Ces différences de traitement pourraient-elle être remises en cause sur le fondement de la libre circulation des capitaux qui, rappelons-le, peut également couvrir les relations avec les Etats tiers à l’UE ?

  1. Des difficultés pratiques persistent

Selon notre expérience, l’administration est stricte dans l’octroi de l’agrément aux organismes situés dans l’UE ou l’EEE.

La jurisprudence pose des critères objectifs permettant d’apprécier si l’organisme étranger en cause peut être considéré comme comparable à des organismes français.

Dans une décision Wellcome Trust [9], le Conseil d’Etat se réfère au double critère de la gestion désintéressée et de la nature des services rendus, retenu en droit interne pour identifier le caractère non lucratif d’un organisme. Le juge doit apprécier la comparabilité mais aussi prendre en compte la réglementation étrangère à laquelle cet organisme est soumis dans son Etat de résidence. Le fait que ces règles étrangères soient différentes de celles applicables en France n’exclut pas automatiquement la comparabilité de l’organisme étranger. Selon le Conseil d’Etat, il n’est pas nécessaire que sa situation soit exactement identique à celle d’un organisme français.
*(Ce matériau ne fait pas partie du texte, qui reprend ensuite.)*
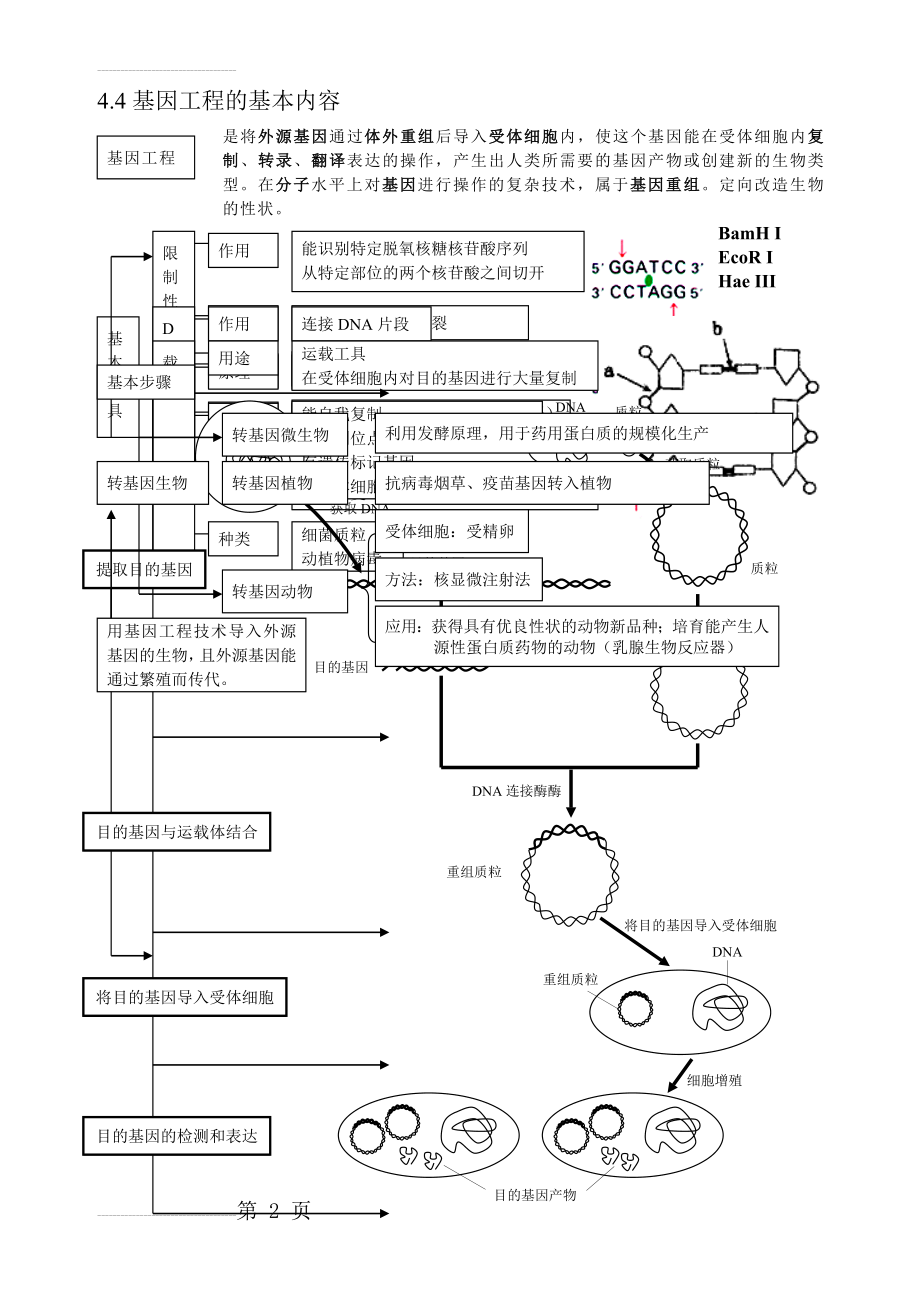 高中生物基因工程(2页).doc_第2页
La Cour Administrative d’Appel de Versailles saisie d’un autre litige par le même trust caritatif a considéré que pour analyser sa comparabilité objective à une fondation française reconnue d’utilité publique, seules s’apparentent à des critères pertinents les dispositions statutaires relatives à l’irrévocabilité de l’affectation des biens du trust, à leur dévolution en cas de dissolution de ce dernier, à l’étendue de ses obligations comptables et de transparence financière, ainsi qu’au pouvoir dont dispose l’autorité de tutelle britannique pour s’assurer de leur respect. La réduction d’impôt souhaitée a été accordée, alors même que les statuts étaient différents du modèle établi par le ministère de l’intérieur français[10].

Pourtant, l’administration a, selon notre expérience, refusé d’accorder l’agrément à une fondation britannique inscrite au registre des organismes caritatifs établi par le gouvernement britannique, ayant un but, des caractéristiques et une activité objectivement équivalente à celle d’une fondation française, en se fondant uniquement sur son mode de fonctionnement. Conformément à la législation britannique, la direction de cette fondation était organisée autour d’un seul collège composé de quatre membres et non de trois collèges comme le voudrait le droit interne français.

Si l’administration fiscale française ne souhaite pas se reposer sur l’appréciation de l’intérêt général réalisée par l’Etat de situation de l’organisme, elle pourrait se cantonner à l’examen de l’objet de l’organisme, son activité non lucrative et sa gestion désintéressée.

Article paru dans Option Finance le 12/07/2021

[1] Article 200 du CGI pour l’impôt sur le revenu ; Article 978 du CGI pour l’IFI.

[2] Articles 794 et 795, 2° du CGI.

[3] Mise en demeure en date du 18 septembre 2008.

[4] CJCE, 27-1-2009 aff. 318/07, Hein Persche.

[5] Saisine de la Commission Européenne du 10 juillet 2014.

[6] CJUE, 6e ch., 16 juillet 2015, aff. 485/14.

[7] Article 795-0 A bis du CGI.

[8] BOI-ENR-DMTG-10-20-20 n° 680.

[9]    CE, 22 mai 2015, n° 369820, 9e et 10e s.-s., Min. c/ Wellcome Trust.

[10] CAA Versailles, 19 mai 2016, n° 14VE01214, 6e ch. Wellcome Trust.